[[ TASK DATA, beginning ]]
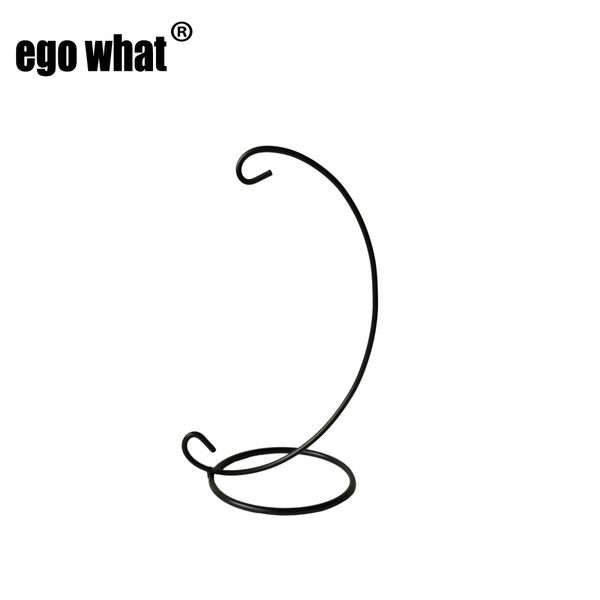 

black metal souvenir candlestick shelves iron hook wedding decoration lantern accessories candle holder shelves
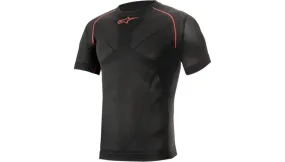 Alpinestars Ride Tech v2 Summer Short Sleeve Underwear Top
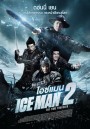 Iceman 2 The Time Traveler [2018] ไอซ์แมน 2 ล่าทะลุศตวรรษ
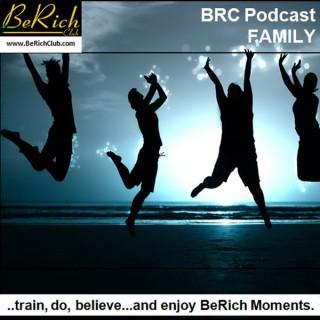BRC Podcast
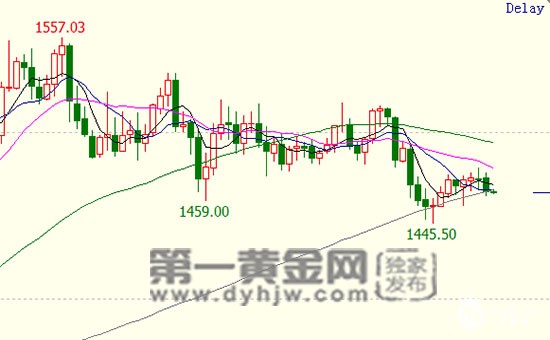 1574390573625615.jpg 1.jpg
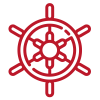 productos_nauticos_icon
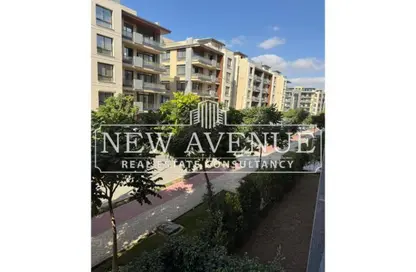 Apartment - 2 Bedrooms - 2 Bathrooms for sale in Azad - 5th Settlement Compounds - The 5th Settlement - New Cairo City - Cairo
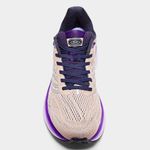 Tênis Olympikus Corre Max_P03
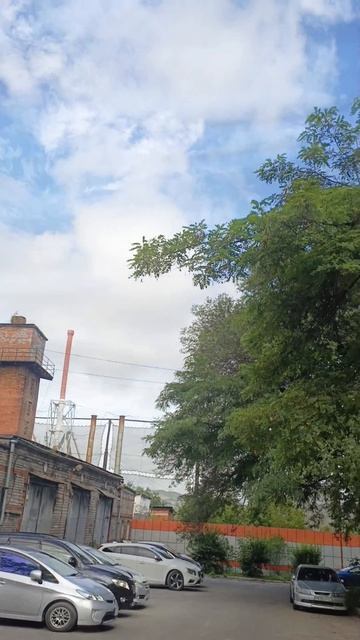 доброе утро смотреть онлайн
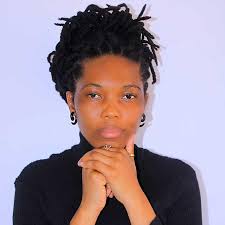 Philanthropy is at the heart of GemGeneve 2025 offering a platform for  African jewellers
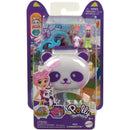 Polly Pocket - Mini Mundo dos Animais (artigo sortido)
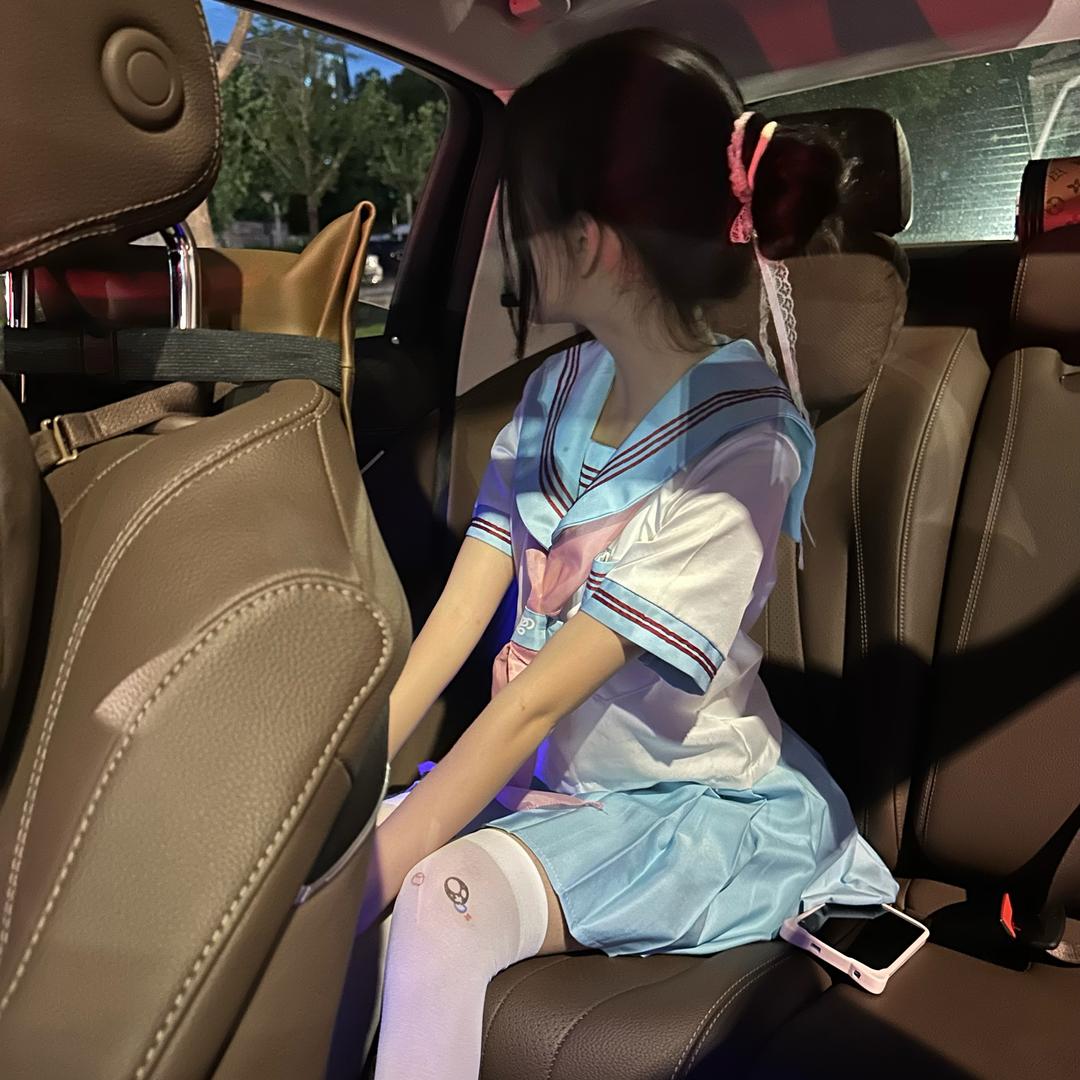 CC姐
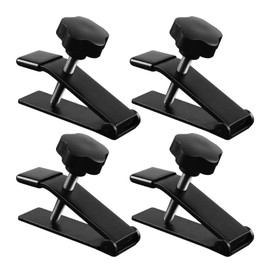 Cabinet Lift,Adjustable Arm Jack Lifting Tool - 4X Leveling High-Capacity Labor-Saving Bracket Height Adjustment Portable Support for Construction Lifting Tile Setting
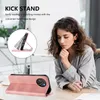 Etui pour Blackview Shark 8/Oscal Tiger 12, étui en cuir Voir les images du produit 3
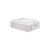 Батарея LiFePo4 Ritar HV 51.2V 100Ah 5120Wh (HV RESS-100 Battery Module) Батарея LiFePo4 Ritar HV 51.2V 100Ah 5120Wh (HV RESS-100 Battery Module)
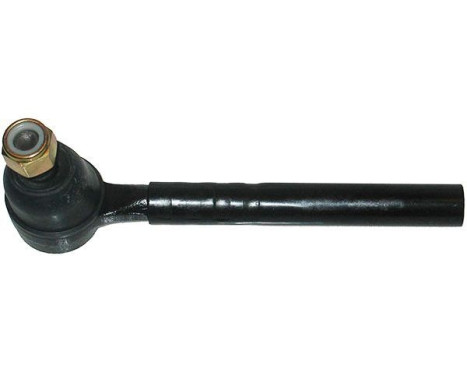 Parallellstagsled STE-9037 Kavo parts, bild 2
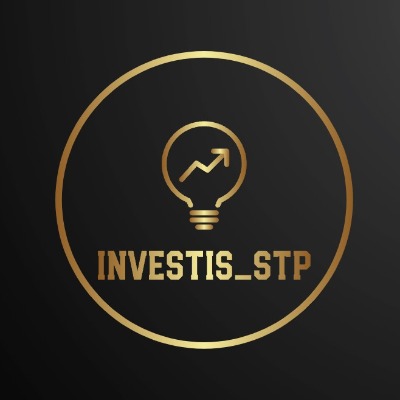 Investis Stp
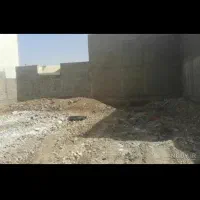 فروش مغازه تجاری و زمین مسکونی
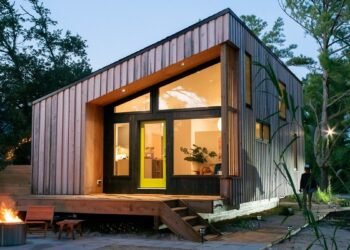 14 Best Outer Banks Vacation Rentals (2023)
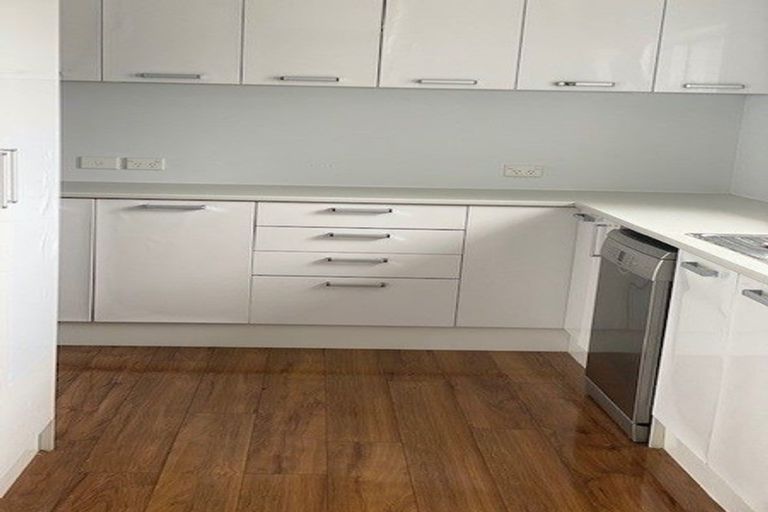 Photo of property in 5 Hebe Lane, Maungaturoto, 0520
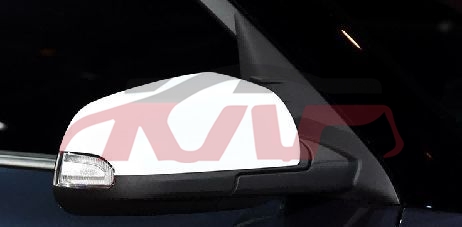 For Hyundai 29532019-2022 Venue&nbsp;door Mirror&nbsp;87610/20-k3030, Venue Car Parts, Hyundai  Car Lamps-87610/20-K3030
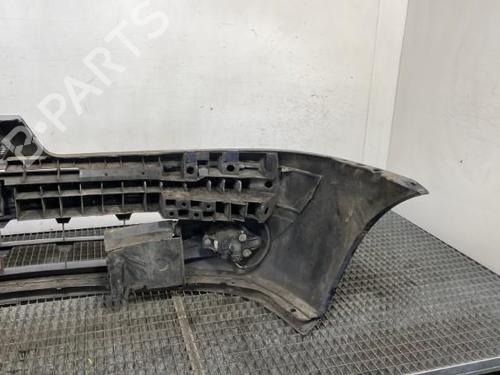 BP29971095C7 main image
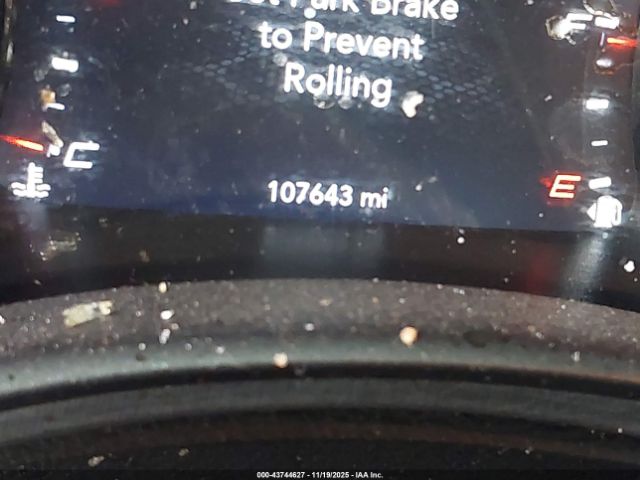 Dodge Charger Image 9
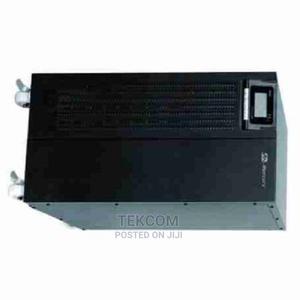 Mercury Online Hp930c-S 3kva/2.4kw UPS - thumbnail 2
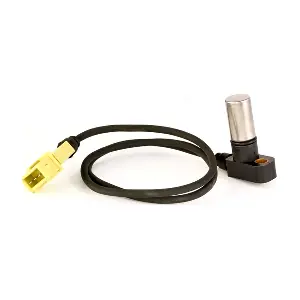 RIDEX 833C0037
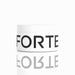 Forte Series Crème Coiffante - POMGO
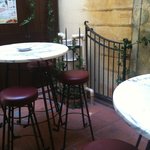 ピッツェリア ブラチェリア チェザリ - 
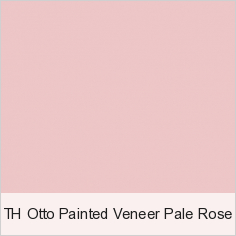 TH Otto Painted Veneer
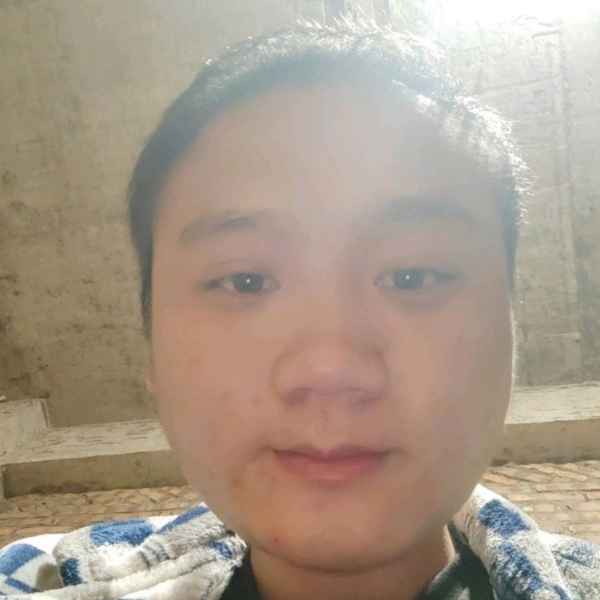 福建30岁单身帅哥真诚找对象-济源相亲网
[[ TASK DATA, end ]]
_TASK ITEM_: Print every entry exactly; omit the pictures.

_WRITTEN RESPONSE_:
black metal souvenir candlestick shelves iron hook wedding decoration lantern accessories candle holder shelves
 Alpinestars Ride Tech v2 Summer Short Sleeve Underwear Top
 Iceman 2 The Time Traveler [2018] ไอซ์แมน 2 ล่าทะลุศตวรรษ
BRC Podcast
 1574390573625615.jpg 1.jpg
 productos_nauticos_icon
 Apartment - 2 Bedrooms - 2 Bathrooms for sale in Azad - 5th Settlement Compounds - The 5th Settlement - New Cairo City - Cairo
 Tênis Olympikus Corre Max_P03
 доброе утро смотреть онлайн
 Philanthropy is at the heart of GemGeneve 2025 offering a platform for  African jewellers
 Polly Pocket - Mini Mundo dos Animais (artigo sortido)
 CC姐
 Cabinet Lift,Adjustable Arm Jack Lifting Tool - 4X Leveling High-Capacity Labor-Saving Bracket Height Adjustment Portable Support for Construction Lifting Tile Setting
 Etui pour Blackview Shark 8/Oscal Tiger 12, étui en cuir Voir les images du produit 3
 Батарея LiFePo4 Ritar HV 51.2V 100Ah 5120Wh (HV RESS-100 Battery Module) Батарея LiFePo4 Ritar HV 51.2V 100Ah 5120Wh (HV RESS-100 Battery Module)
 Parallellstagsled STE-9037 Kavo parts, bild 2
 Investis Stp
 فروش مغازه تجاری و زمین مسکونی
 14 Best Outer Banks Vacation Rentals (2023)
 Photo of property in 5 Hebe Lane, Maungaturoto, 0520
 For Hyundai 29532019-2022 Venue&nbsp;door Mirror&nbsp;87610/20-k3030, Venue Car Parts, Hyundai  Car Lamps-87610/20-K3030
 BP29971095C7 main image
 Dodge Charger Image 9
 Mercury Online Hp930c-S 3kva/2.4kw UPS - thumbnail 2
 RIDEX 833C0037
 Forte Series Crème Coiffante - POMGO
 ピッツェリア ブラチェリア チェザリ - 
 TH Otto Painted Veneer
 福建30岁单身帅哥真诚找对象-济源相亲网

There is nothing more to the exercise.